Tag Archives: First Baptist Church

Woven Threads of Friendship

Several of us were enjoying an intimate ladies’ luncheon. Conversation turned to when and under what circumstances each of us had come to our small town or if we had always lived here. From there we began chatting about various people in our church and community who had made lasting impressions on us. We sipped coffee and waxed enthusiastic about the Mott sisters, Mr. and Mrs. Harris Jefferson, Mr. Ben Mauldin, Dr. Singleton, Bonnie Manry, Mr. Cuy Broome, Norman and Minnie Pipkin, Madge Clark, the Askews and many more.

I listened to the stories about this one and that one learning new things about people I’d known for years. It was fascinating to hear the many different ways members of this one little group had been affected by so many mutual friends. Phrases like “Oh, you knew her?” and “Did you know he…?” or “Remember when…?” were tossed around with a mix of merriment and sadness.
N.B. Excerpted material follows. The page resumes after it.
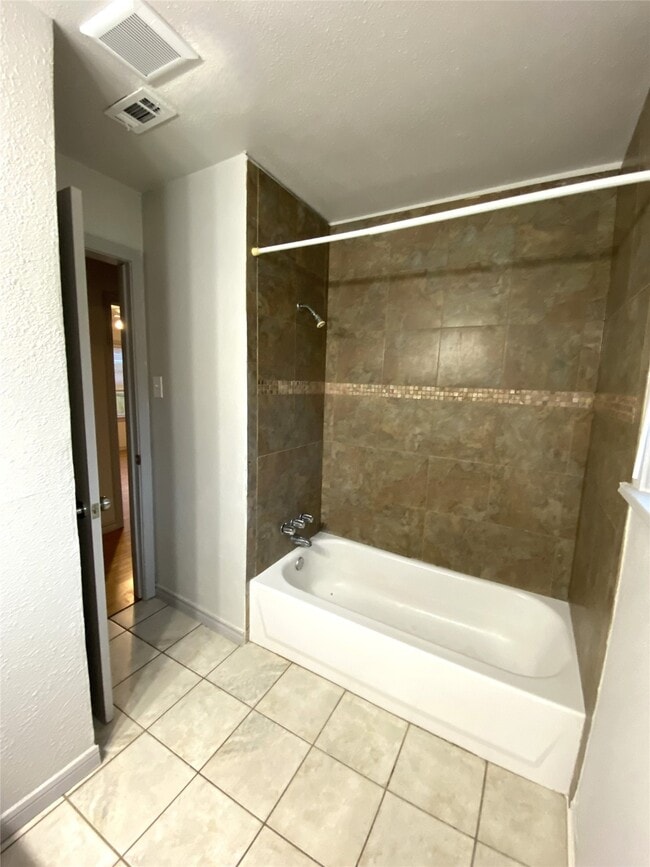 Building Photo - 315 S 3rd St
Several mentioned the one who had invited them to First Baptist Cairo, others recalled a Sunday school teacher who had meant so much to them raising responses like “Oh, yes, I was in her class one year.” We talked about those who had faithfully cared for our babies in the nursery and others who had been there as a strong shoulder when disappointments and sorrows hit. We remembered fondly folks who kept things going like Raymond Hurst who claimed the ministry of keeping the First Baptist chimes playing, and “Miss Wessie,” librarian at Roddenbery Memorial Library who might call individuals to alert their attention to some book she knew they needed to read. “I’ll have it ready for you at the front desk,” she’d say positively. We laughed at many a funny tale including some interesting matchmaking endeavors, some that failed and some that were a great success.
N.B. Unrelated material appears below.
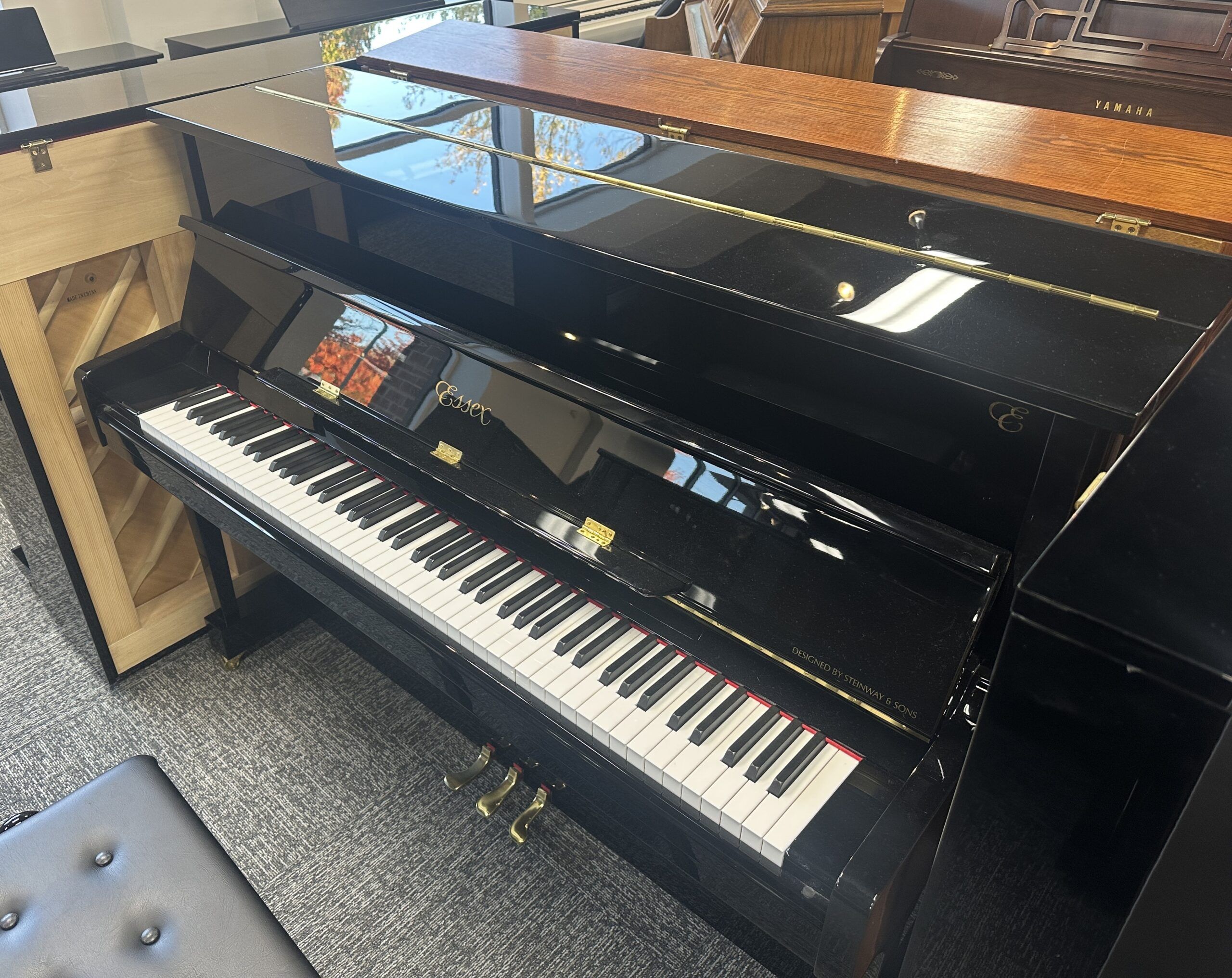 Solich-Piano-Pittsburgh-Essex-EUP116EP-Right-Side-scaled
After everyone had gone home, I thought about what a huge difference any one person can make in another’s life without even realizing it. What a witness Mr. Pipkin was in simply coming to church when he could no longer hear. When we opened a bank account, what if the clerk, Mrs. Jefferson, had not warmly invited us to her church?

Is it possible we, too, might make a difference in someone’s life as our friendships weave together like a colorful afghan in progress?